Megaupload itself is registered as a private company in Hong Kong, with an office in Wanchai district.
The dramatic raids came amid a fierce debate in the United States over a proposed bill before Congress aimed at cracking down on online piracy.
Critics say the new law would hand US authorities unprecedented powers that could impinge on the freedom of the Internet, and on Wednesday dozens of websites led by Wikipedia went dark in a rare protest.
In face of the criticism, US Senator Majority Leader Harry Reid Friday agreed to delay next week's vote on the bill to allow more time for talks.
"We made good progress through the discussions we've held in recent days, and I am optimistic that we can reach a compromise in the coming weeks," he said.
The European Union's top Internet official Neelie Kroes also criticised the planned US legislation, writing on Twitter that: "Internet regulation must be effective, proportionate & preserve benefits of open net."
"Speeding is illegal too: but you don't put speed bumps on the motorway," she added.
The prosecution of Megaupload meanwhile sparked a retaliatory cyber attack on the FBI and Justice Department websites.
The two government sites were up and running again early Friday after being shut down for several hours in the attack claimed by the "Anonymous" hacktivist group, which also briefly disabled music and recording industry websites.

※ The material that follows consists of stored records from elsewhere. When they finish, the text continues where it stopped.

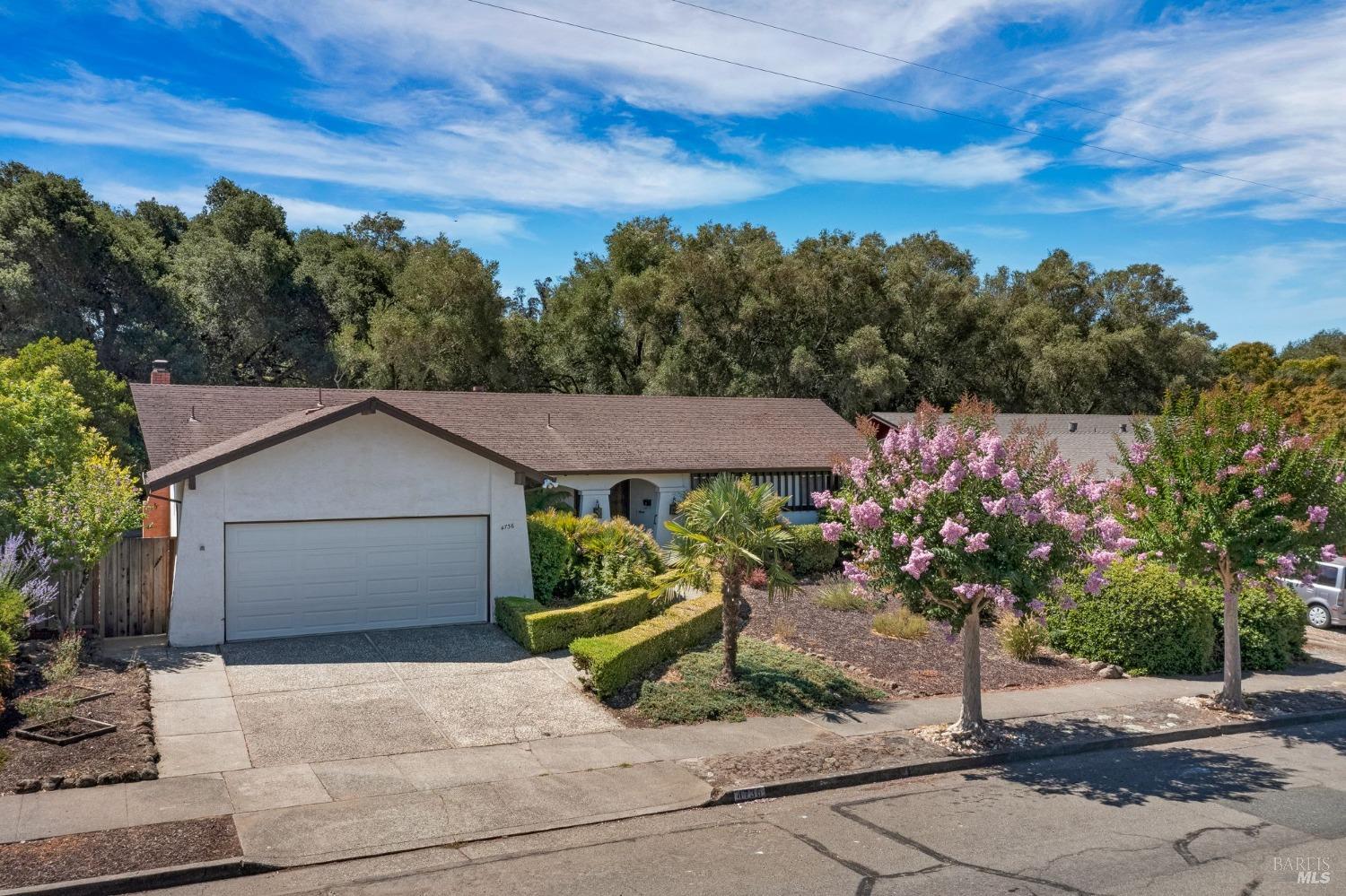 Detail Gallery Image 1 of 1 For 4736 Stonehedge Dr, Santa Rosa,  CA 95405 - 3 Beds | 2 Baths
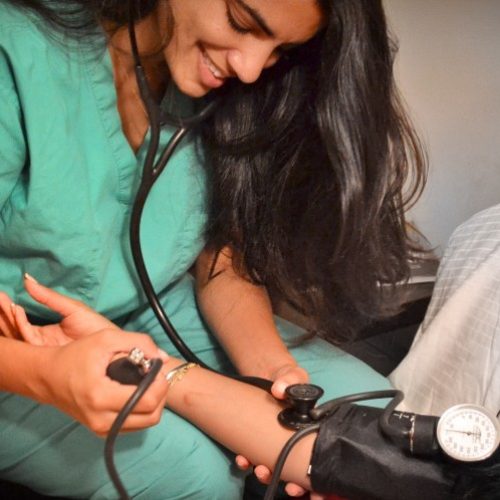 homecare-happiness_t20_7Oo7Nj.jpg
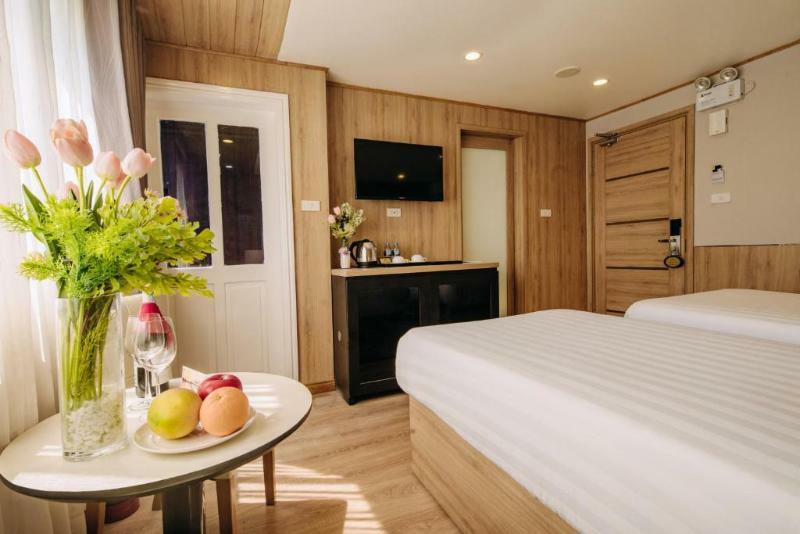 Athena Royal Cruise - Luxury In Halong Bay Ha Long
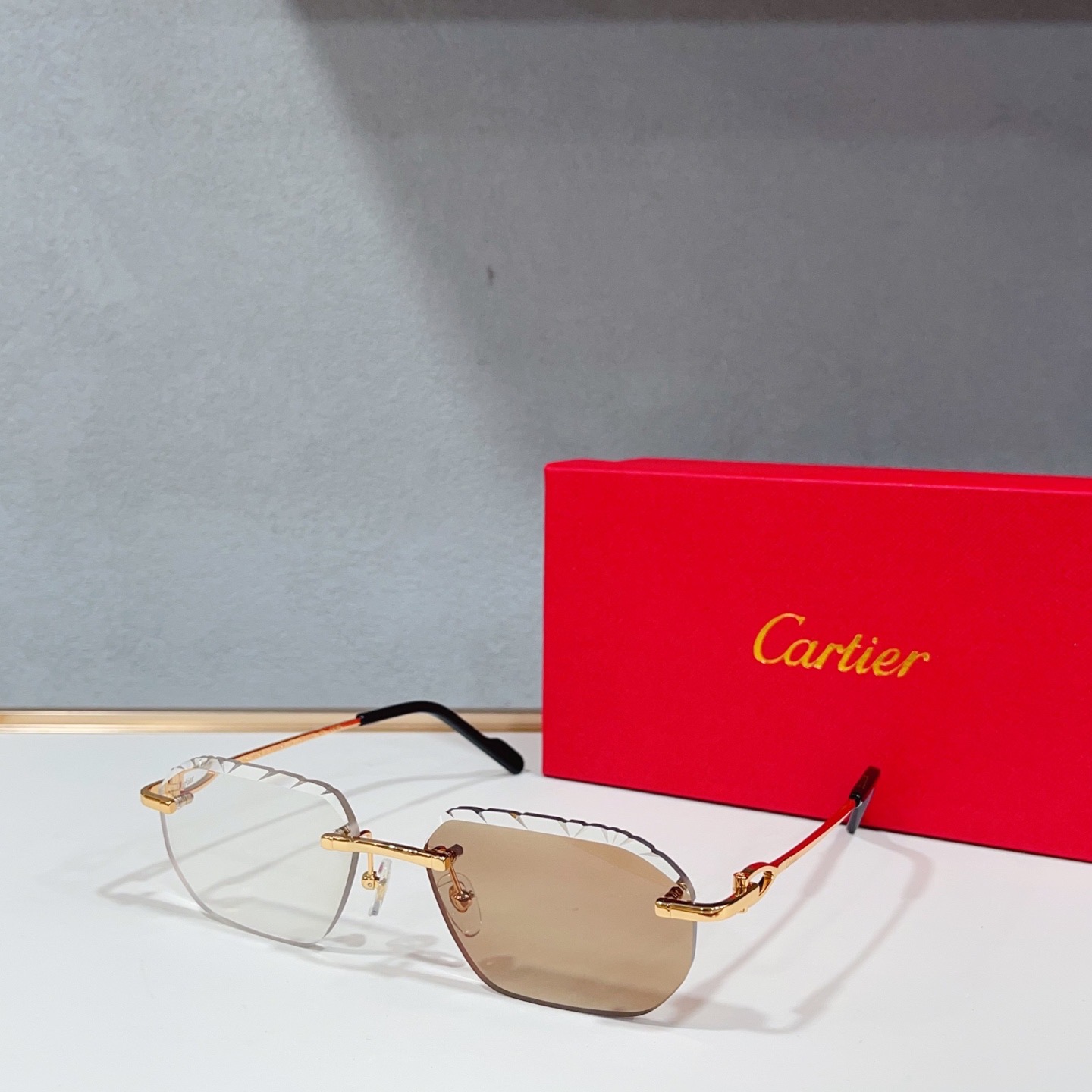 Очки солнцезащитные женские в стиле Cartier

Megaupload is popular with Hollywood celebrities and has been endorsed by music stars such as Kanye West.
Megaupload Ltd. and another company, Vestor Ltd., were indicted by a US grand jury and charged with racketeering conspiracy, copyright infringement and conspiring to commit money laundering.
Vestor's sole shareholder is Kim Dotcom. His six fellow accused come from Estonia, Germany, the Netherlands and Slovakia.